### Step1: Import file crime_incidents.csv into Databrick File System

### Step2: Import SQLContext

In [0]:
from pyspark.sql import SQLContext

### Step3: Load the file and create DataFrame
Here, we are inferring the schema from the first row of the data-containing document

In [0]:
crimeincidentDF = spark.read.csv("dbfs:/FileStore/tables/crime_incidents.csv", inferSchema="true", header="true")

### Step4: Collect
shows all the records as a list of row using collect() function

In [0]:
crimeincidentDF.collect()

### Step5: Take
take(n) function shows first n number of records as a list of row

In [0]:
crimeincidentDF.take(5)

### Step6: Show
show() functions shows the records in a tabular format

In [0]:
#shows all records in tabular format
crimeincidentDF.show()

### Step7: Shows first 5 records in tabular format

In [0]:
#shows first 5 records in tabular format
crimeincidentDF.show(5)

### Step8: Finding number of records
count function() returns the number of records in the dataframe

In [0]:
crimeincidentDF.count()

### Step9: Printing the first row of a data set

In [0]:
crimeincidentDF.first()

### Step10: Schema of dataframe
printSchema() function displays the schema of the dataframe

In [0]:
crimeincidentDF.printSchema()

###  Step11: Describe dataframe
describe() function shows the various characteristics such as mean, minValue, maxValue, count of each field in dataframe

In [0]:
crimeincidentDF.describe().show()

###  Step12: Select Function
selects fields from an existing dataframe and returns a new DataFrame having selected fields.

In [0]:
#selects the fields IncidntNum, Category and Descript and returns a new dataframe newDF with these 2 fields
newDF = crimeincidentDF.select('IncidntNum','Category','Descript')
newDF.show()

###  Step13: Selecting all columns

In [0]:
newDF = crimeincidentDF.select("*")
newDF.show()

###  Step14: Correlation between 2 fields
Calculates the correlation of two columns of a DataFrame as a double value.

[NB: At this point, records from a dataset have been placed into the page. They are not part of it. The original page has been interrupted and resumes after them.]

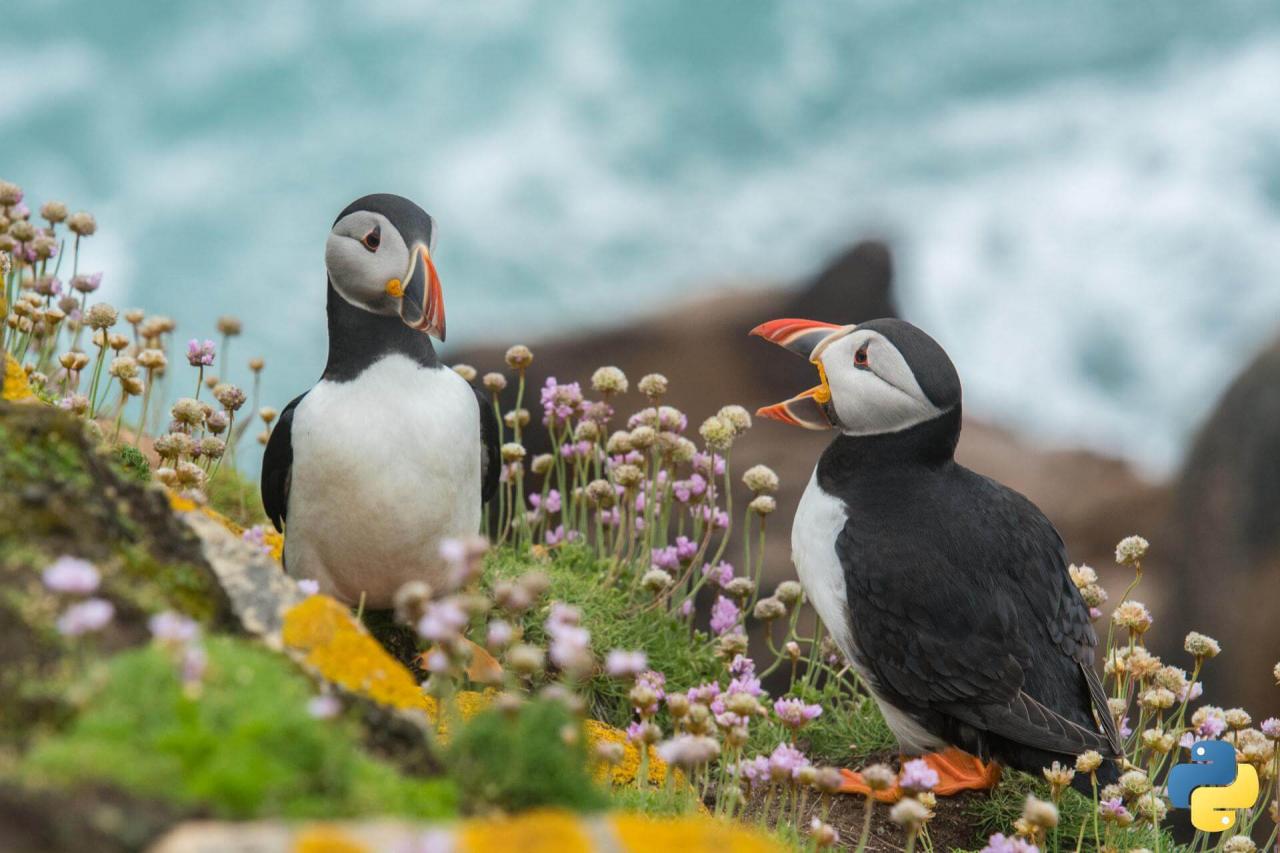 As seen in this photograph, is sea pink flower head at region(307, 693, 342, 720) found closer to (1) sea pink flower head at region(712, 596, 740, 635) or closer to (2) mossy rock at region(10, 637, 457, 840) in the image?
(2) mossy rock at region(10, 637, 457, 840)

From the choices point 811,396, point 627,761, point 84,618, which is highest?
point 811,396

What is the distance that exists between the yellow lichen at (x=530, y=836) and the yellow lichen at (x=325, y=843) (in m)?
0.13

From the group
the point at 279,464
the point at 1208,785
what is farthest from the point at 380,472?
the point at 1208,785

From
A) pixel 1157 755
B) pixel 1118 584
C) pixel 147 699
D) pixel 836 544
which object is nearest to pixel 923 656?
pixel 836 544

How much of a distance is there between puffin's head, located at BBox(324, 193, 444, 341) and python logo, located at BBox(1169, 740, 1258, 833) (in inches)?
101

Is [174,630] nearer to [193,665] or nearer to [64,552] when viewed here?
[193,665]

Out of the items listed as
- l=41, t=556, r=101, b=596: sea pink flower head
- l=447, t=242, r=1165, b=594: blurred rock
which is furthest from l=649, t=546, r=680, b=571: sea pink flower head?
l=447, t=242, r=1165, b=594: blurred rock

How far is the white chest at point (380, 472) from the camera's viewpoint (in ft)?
13.6

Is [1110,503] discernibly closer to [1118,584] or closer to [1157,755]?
[1118,584]

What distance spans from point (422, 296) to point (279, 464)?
2.47 ft

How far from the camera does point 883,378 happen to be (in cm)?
443

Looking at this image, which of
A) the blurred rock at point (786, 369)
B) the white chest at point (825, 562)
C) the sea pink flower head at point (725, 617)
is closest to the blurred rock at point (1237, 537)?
the blurred rock at point (786, 369)

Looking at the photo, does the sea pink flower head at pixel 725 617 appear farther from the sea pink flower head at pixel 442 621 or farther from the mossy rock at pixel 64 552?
the sea pink flower head at pixel 442 621

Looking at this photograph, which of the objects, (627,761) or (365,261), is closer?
(365,261) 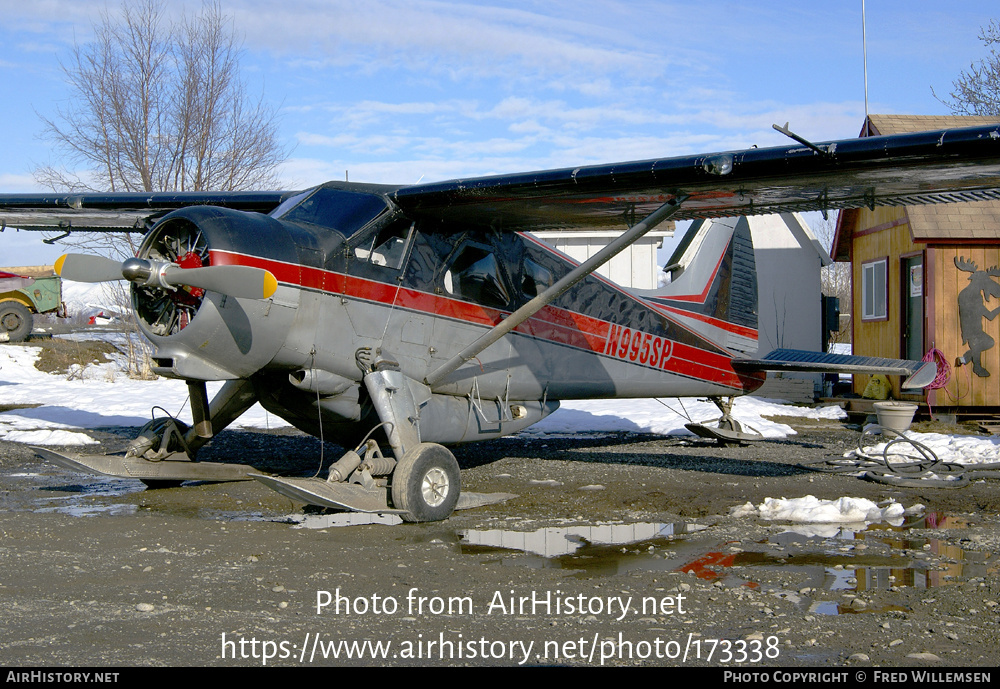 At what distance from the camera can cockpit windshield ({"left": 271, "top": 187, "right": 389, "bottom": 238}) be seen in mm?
7543

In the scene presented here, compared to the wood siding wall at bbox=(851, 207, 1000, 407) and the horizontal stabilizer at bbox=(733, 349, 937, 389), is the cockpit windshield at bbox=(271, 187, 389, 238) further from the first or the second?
the wood siding wall at bbox=(851, 207, 1000, 407)

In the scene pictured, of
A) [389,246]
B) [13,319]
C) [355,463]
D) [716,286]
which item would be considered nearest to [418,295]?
[389,246]

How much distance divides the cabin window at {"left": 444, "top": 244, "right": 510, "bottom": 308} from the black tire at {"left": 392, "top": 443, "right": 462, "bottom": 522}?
6.49ft

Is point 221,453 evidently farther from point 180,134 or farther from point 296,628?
point 180,134

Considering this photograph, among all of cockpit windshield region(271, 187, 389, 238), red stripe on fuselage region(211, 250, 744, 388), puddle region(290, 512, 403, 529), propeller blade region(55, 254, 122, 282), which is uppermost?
cockpit windshield region(271, 187, 389, 238)

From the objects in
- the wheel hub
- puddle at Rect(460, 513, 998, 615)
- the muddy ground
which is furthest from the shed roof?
the wheel hub

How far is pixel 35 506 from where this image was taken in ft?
25.1

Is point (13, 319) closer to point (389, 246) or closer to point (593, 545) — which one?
point (389, 246)

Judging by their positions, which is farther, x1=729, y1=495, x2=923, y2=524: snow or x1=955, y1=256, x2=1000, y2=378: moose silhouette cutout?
x1=955, y1=256, x2=1000, y2=378: moose silhouette cutout

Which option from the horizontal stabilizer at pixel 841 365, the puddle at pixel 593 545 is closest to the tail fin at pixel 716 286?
the horizontal stabilizer at pixel 841 365

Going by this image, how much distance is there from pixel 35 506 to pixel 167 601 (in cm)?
402

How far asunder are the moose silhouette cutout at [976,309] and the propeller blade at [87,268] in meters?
14.6

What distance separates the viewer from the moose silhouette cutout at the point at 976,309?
15219 mm

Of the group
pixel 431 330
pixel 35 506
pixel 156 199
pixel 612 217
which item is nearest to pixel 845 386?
pixel 612 217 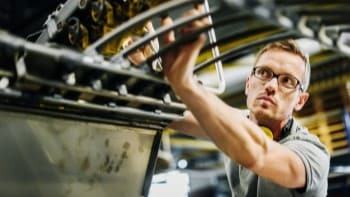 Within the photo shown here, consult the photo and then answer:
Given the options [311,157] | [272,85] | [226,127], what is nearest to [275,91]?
[272,85]

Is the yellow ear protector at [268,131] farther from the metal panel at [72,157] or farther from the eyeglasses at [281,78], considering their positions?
the metal panel at [72,157]

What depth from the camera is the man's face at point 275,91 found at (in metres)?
1.73

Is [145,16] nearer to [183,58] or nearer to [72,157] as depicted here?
[183,58]

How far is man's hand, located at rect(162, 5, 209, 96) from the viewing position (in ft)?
3.41

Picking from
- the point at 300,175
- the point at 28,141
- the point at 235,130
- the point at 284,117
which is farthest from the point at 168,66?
the point at 284,117

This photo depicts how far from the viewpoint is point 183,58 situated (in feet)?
3.51

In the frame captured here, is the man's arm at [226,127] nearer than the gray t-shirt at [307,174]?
Yes

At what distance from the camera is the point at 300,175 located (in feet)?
5.05

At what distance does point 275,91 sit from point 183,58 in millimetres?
732

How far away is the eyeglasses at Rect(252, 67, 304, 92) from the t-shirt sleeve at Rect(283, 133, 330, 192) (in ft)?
0.69

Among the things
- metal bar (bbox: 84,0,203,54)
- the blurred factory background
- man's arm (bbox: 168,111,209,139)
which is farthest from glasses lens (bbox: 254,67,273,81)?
metal bar (bbox: 84,0,203,54)

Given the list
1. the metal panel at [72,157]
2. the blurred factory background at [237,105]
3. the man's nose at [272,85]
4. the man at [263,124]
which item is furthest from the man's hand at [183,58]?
the blurred factory background at [237,105]

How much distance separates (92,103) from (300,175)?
792mm

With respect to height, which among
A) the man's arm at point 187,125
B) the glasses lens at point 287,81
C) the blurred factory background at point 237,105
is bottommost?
the man's arm at point 187,125
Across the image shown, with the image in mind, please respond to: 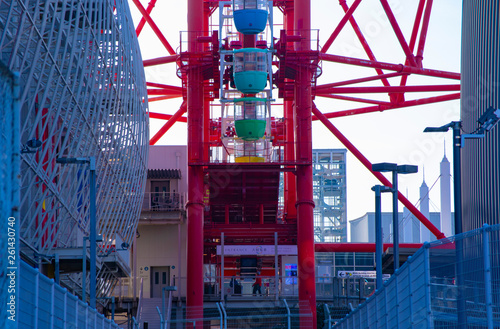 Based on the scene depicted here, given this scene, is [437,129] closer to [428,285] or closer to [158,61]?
[428,285]

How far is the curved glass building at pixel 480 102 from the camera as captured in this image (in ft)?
87.9

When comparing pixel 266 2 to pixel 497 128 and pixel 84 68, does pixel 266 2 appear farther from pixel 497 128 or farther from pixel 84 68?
pixel 497 128

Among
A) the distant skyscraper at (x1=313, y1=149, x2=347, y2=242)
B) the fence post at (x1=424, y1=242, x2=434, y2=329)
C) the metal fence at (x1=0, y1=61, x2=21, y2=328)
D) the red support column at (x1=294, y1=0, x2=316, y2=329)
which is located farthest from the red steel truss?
the distant skyscraper at (x1=313, y1=149, x2=347, y2=242)

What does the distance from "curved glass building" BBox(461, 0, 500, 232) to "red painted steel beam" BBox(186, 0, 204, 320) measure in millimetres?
12992

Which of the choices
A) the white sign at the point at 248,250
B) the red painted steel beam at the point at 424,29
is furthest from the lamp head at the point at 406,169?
the red painted steel beam at the point at 424,29

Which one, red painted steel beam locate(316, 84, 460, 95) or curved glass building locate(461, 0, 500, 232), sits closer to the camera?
curved glass building locate(461, 0, 500, 232)

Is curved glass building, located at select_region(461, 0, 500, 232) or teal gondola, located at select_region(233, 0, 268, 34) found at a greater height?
teal gondola, located at select_region(233, 0, 268, 34)

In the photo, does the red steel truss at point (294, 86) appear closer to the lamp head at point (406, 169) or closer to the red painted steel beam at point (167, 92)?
the red painted steel beam at point (167, 92)

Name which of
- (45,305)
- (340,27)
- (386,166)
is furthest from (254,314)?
(45,305)

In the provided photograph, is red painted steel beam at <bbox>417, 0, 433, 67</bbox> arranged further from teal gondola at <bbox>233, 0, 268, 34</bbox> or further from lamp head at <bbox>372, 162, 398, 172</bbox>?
lamp head at <bbox>372, 162, 398, 172</bbox>

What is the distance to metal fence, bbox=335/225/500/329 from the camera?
10719 millimetres

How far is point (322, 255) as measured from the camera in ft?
281

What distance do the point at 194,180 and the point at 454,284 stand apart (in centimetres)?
2853

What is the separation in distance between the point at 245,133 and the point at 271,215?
10191 mm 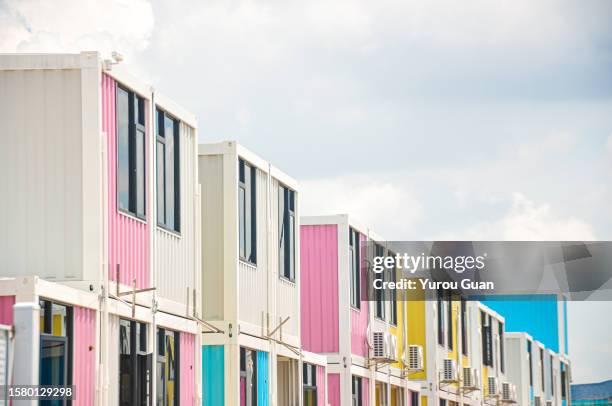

Currently only supports the Pearson Correlation Coefficient

In [0]:
crimeincidentDF.corr('X','Y')

###  Step15: Removing Duplicate Records
Returns a new DataFrame with duplicate rows removed

In [0]:
newDF = crimeincidentDF.dropDuplicates()
newDF.show()

###  Step16: Finding the name of a specific coloumn using index

In [0]:
crimeincidentDF[4]

###  Step17: withColumn
Used to change or update the value, convert the datatype of an existing DataFrame column, add/create a new column.
Add 3 new columns IncidntNum, Category, Resolution to DataFrame crimeincidentsDF.

In [0]:
crimeincidentsNC = crimeincidentDF.withColumn('IncidntNum',crimeincidentDF.IncidntNum).withColumn('Category',crimeincidentDF.Category).withColumn('Resolution',crimeincidentDF.Resolution)
crimeincidentsNC.show()

## Registering table as a template, and applying SQL queries to it
###  Step18: createOrReplaceTempView(table)
This function registers the dataframe as a temporary table using the given name. Execute an SQL statement (Resolution like ARRE%)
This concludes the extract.